At its core, deep learning is an exercise in high-dimensional curve fitting. Models like GPT-4 or Gemini 3 Pro do not know facts or reason through logic; they calculate the statistical probability of the next token based on trillions of parameters. This approach is favored because it is computationally scalable. In the race for AGI, the industry has adopted what is known as The Bitter Lesson: the idea that leveraging massive amounts of compute and data beats human-engineered clever algorithms every time.

However, this reliance on statistics creates a fundamental ceiling. Human intelligence is characterized by sample efficiency—a child can learn the concept of a cat from two examples, whereas a deep learning model requires thousands. By ignoring the algorithmic mimicry of the mind, we have built idiot savants: systems that can write poetry but fail at basic spatial reasoning or unexpected edge cases that weren't in their training data.

Deep learning is essentially extrapolative. It excels as long as the problem space remains within the distribution of its training data.
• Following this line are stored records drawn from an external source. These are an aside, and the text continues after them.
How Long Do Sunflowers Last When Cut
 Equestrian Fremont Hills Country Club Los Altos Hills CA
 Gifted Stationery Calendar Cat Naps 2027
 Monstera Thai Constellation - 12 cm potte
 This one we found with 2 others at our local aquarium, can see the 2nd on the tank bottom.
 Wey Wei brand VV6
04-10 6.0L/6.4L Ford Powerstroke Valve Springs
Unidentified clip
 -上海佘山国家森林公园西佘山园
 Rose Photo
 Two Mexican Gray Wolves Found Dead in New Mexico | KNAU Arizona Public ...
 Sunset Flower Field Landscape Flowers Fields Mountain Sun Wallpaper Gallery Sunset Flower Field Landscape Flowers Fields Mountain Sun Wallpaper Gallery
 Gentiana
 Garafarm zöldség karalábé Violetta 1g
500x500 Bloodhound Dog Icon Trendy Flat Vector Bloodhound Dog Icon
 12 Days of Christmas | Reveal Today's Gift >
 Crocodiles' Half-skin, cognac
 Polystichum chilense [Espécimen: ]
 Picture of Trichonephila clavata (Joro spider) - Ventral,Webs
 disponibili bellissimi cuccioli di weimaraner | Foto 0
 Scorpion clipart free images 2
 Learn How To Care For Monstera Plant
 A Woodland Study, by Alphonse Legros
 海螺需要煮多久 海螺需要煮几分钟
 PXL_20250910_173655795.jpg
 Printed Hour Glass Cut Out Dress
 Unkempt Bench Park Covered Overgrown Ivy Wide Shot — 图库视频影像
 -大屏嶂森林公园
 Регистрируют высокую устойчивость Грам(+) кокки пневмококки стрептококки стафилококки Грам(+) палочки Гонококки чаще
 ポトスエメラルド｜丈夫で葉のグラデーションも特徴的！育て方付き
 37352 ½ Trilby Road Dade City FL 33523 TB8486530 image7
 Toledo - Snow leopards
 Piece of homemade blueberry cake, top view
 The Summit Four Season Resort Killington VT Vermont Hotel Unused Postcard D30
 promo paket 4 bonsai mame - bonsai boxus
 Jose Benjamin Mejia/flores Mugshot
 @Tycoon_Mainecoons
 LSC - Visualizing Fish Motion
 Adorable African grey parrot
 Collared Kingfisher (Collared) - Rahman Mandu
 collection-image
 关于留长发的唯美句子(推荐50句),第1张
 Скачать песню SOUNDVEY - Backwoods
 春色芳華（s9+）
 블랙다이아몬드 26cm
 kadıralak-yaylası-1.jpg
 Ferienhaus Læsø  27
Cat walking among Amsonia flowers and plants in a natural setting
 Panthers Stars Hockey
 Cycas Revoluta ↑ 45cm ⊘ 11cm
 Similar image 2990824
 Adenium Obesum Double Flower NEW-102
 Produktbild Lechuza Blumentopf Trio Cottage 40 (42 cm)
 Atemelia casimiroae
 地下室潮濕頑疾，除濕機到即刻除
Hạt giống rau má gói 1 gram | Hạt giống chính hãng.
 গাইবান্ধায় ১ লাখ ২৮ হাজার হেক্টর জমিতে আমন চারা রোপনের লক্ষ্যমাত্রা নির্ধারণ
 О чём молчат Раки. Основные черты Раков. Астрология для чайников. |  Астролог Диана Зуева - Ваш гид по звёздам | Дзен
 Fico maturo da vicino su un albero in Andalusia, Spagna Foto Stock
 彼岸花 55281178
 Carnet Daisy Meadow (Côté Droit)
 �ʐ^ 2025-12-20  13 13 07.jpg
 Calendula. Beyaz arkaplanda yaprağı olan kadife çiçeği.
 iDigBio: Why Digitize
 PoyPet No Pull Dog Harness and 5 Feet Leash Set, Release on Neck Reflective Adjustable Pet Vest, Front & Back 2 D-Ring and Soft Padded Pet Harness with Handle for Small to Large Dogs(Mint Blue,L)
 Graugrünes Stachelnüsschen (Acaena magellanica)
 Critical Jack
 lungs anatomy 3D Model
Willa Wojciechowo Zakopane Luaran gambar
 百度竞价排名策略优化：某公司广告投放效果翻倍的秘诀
This makes it a limited domain tool. For true Artificial General Intelligence (AGI) or Superintelligence, a system must exhibit inductive reasoning—the ability to form a what-if hypothesis about a situation it has never seen.

Because deep learning lacks an internal world model or a set of first principles (like physics or ethics), it cannot navigate the unknown. It is a map made of past experiences, rather than a compass that can find a way through new territory. This is why self-driving cars still struggle with rare weather events or unusual road debris; the statistics for those specific noise events are too sparse for the model to calculate a safe path.

While the world chases larger GPU clusters, a smaller segment of research focuses on Cognitive Architectures like ACT-R or SOAR. These models try to mimic the human brain’s modularity—separating long-term memory, procedural logic, and sensory input into distinct, interacting algorithms.

Instead of treating the brain as one giant, homogenous black box of neurons, these models attempt to build the mechanisms of thought. However, these are currently ignored because they are difficult to scale and do not provide the immediate wow factor of generative media.

AI research is stuck on statistics because statistics are currently the most profitable and scalable path. Yet, to reach Superintelligence, we must bridge the gap between calculating an answer and thinking through a problem. The future of AGI likely lies in Neuro-symbolic AI: a hybrid that combines the pattern-recognition power of deep learning with the rigorous, algorithmic logic of human-like cognitive models.